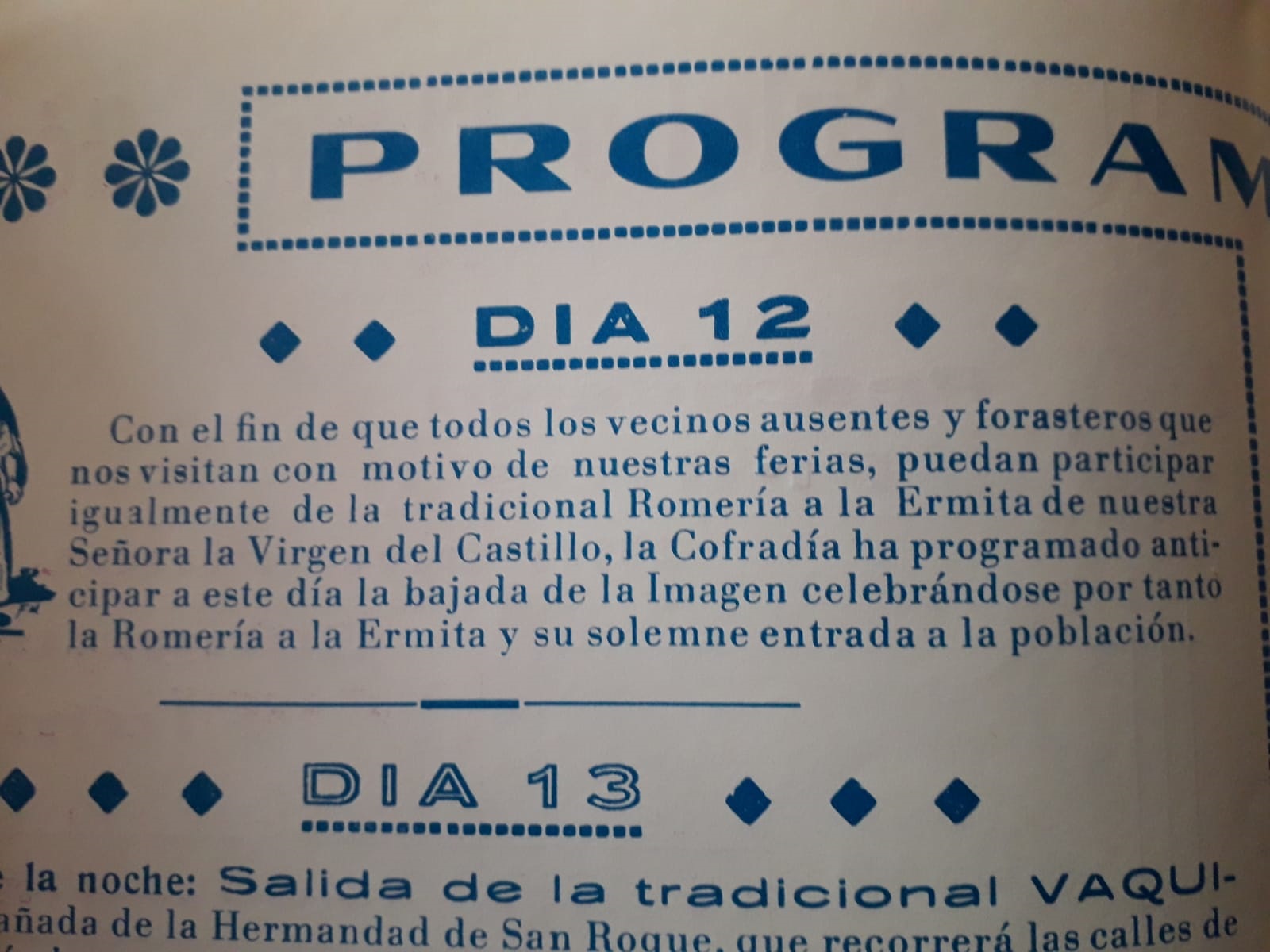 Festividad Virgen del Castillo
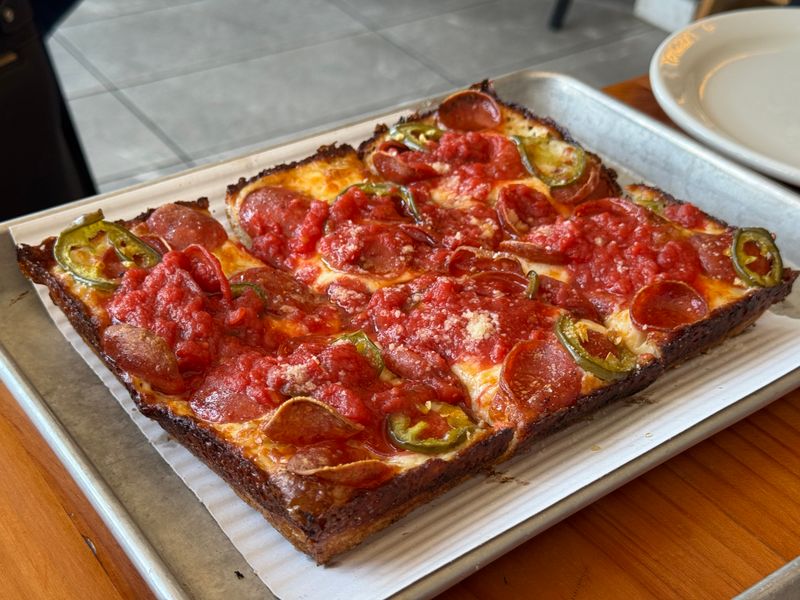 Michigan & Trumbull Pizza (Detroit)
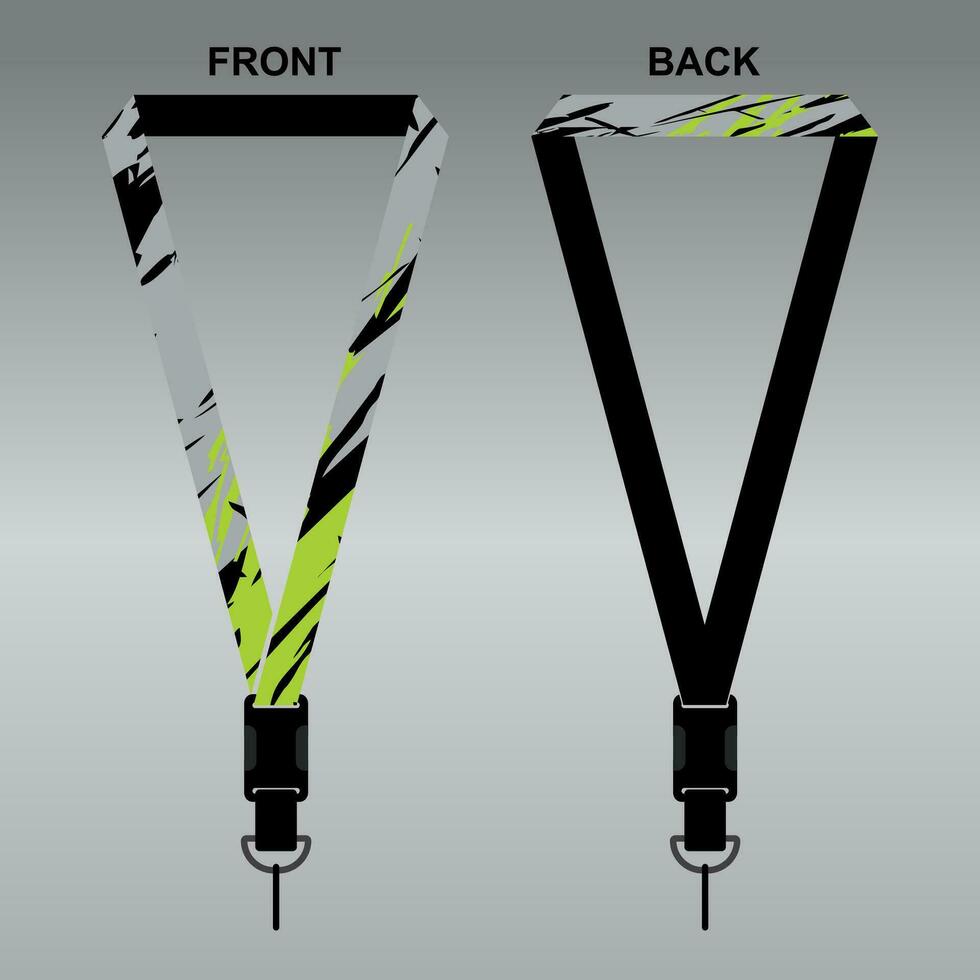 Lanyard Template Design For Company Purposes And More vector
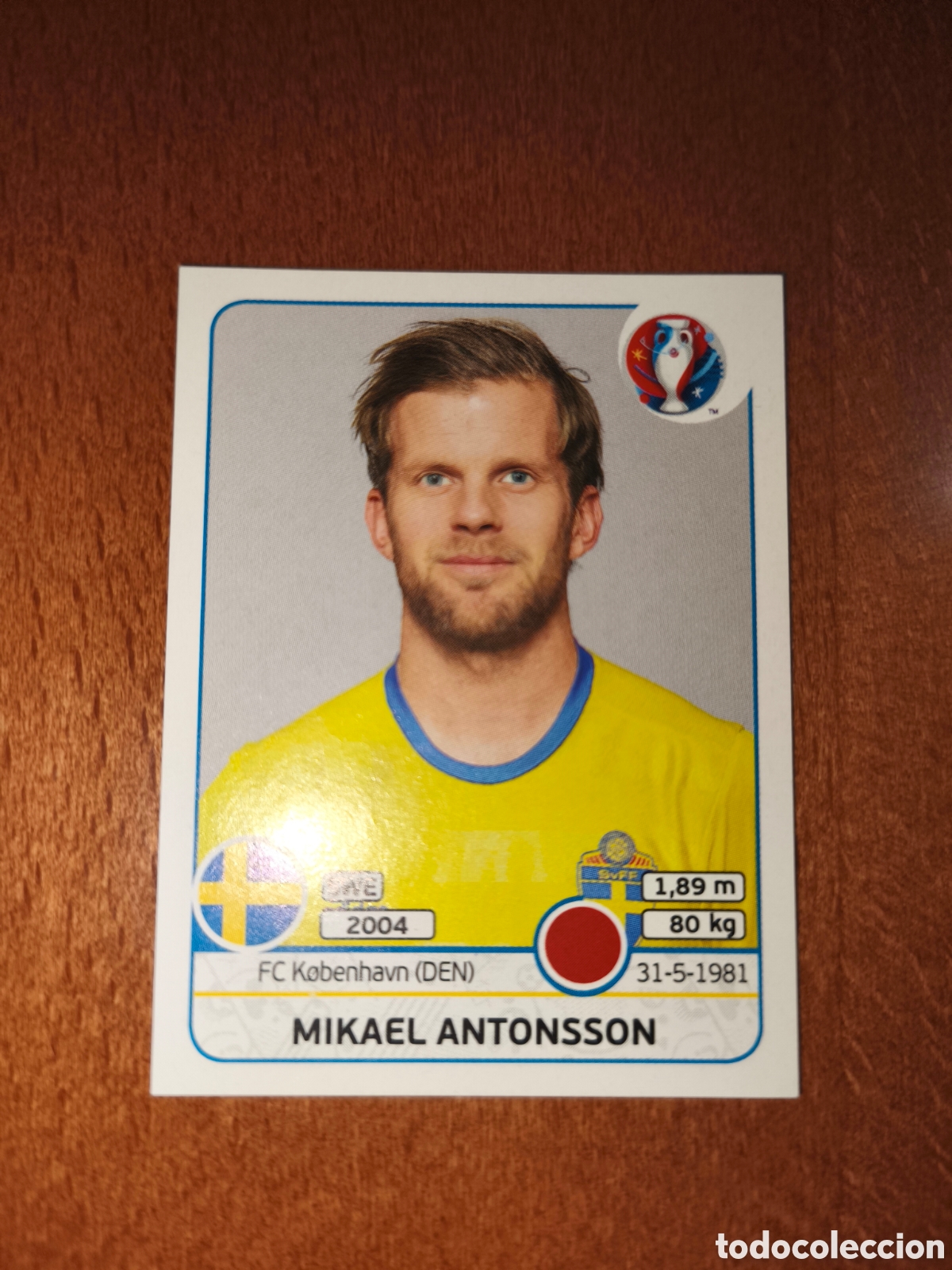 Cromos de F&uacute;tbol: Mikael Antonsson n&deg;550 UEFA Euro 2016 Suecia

◆ **TASK DETAILS**: Please retype, exactly as they appear, the lines from the one with "Lanyard Template Design" through the final line of the material, both included, and drop any pictures.

◆ **EXERCISE RESULT**:
 Lanyard Template Design For Company Purposes And More vector
 Cromos de F&uacute;tbol: Mikael Antonsson n&deg;550 UEFA Euro 2016 Suecia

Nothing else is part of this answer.